I’m going to ask you one last question. We spoke a lot about UX design, and there’s been a few books that you mentioned, but are there any particular books that you’ve not already mentioned? Books or resources that you would recommend graphic designers to go out and buy so that they can be better UX designers?
Aaron Walter: Absolutely. One of my all time favourite books and I’ve had it for probably a decade and I still reference it, is Universal Principles of Design. That’s a great one. It’s about concepts, techniques, methodologies. That’s a good reference point, and what I like about that is that it feels like it bridges some of the concepts of graphic design and experience design, service design, all in one place. It’s a fun read and it’s also just an easy reference.
If you’re trying to get your bearings just on some basics of UX design, you might want to check out my colleague Leah Buleys book, UX Team of One, which just assembles all of the basic principles of how to do UX in one place. That’s a great read.

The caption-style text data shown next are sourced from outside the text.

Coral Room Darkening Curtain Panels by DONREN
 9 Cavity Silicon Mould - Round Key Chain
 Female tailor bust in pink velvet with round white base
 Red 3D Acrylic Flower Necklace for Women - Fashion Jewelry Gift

If you’re getting your bearings with research, you’re curious about that and you want to find how do I pull this into the work that I do and the offerings that I give my clients, Erika Hall’s book, Just Enough Research, from A Book Apart, is a great one. Of course, all of the books from A Book Apart, I think they’re … Jason Santa Maria’s book on typology is great. There is Ethan Marcotte’s book on responsive design. There’s so many good ones in there.
Ian Paget: Yeah, I’d agree with those books. I’ve got a couple of them and they’re absolutely amazing. Now I’m keen to read the one that you wrote, now that you’ve explained the concept of using emotion within your work. That’s really interesting. I’ll be honest, when I read the title, I didn’t quite understand how that would work, but now you’ve explained it, I’m really keen to learn more about that. I appreciate you explaining that.
Aaron, I know that you need to make a move in the next 10 minutes, so I’m going to wrap up the interview, but I just want to say thank you so much for coming on and for sharing some of your wisdom, and I’ll make sure to link to everything that you mentioned in the show so that people can find and learn more about you. I just want to say, thank you so much for coming on and for sharing so much with us.
Aaron Walter: Yeah, thank you for having me. It’s been a pleasure talking with you.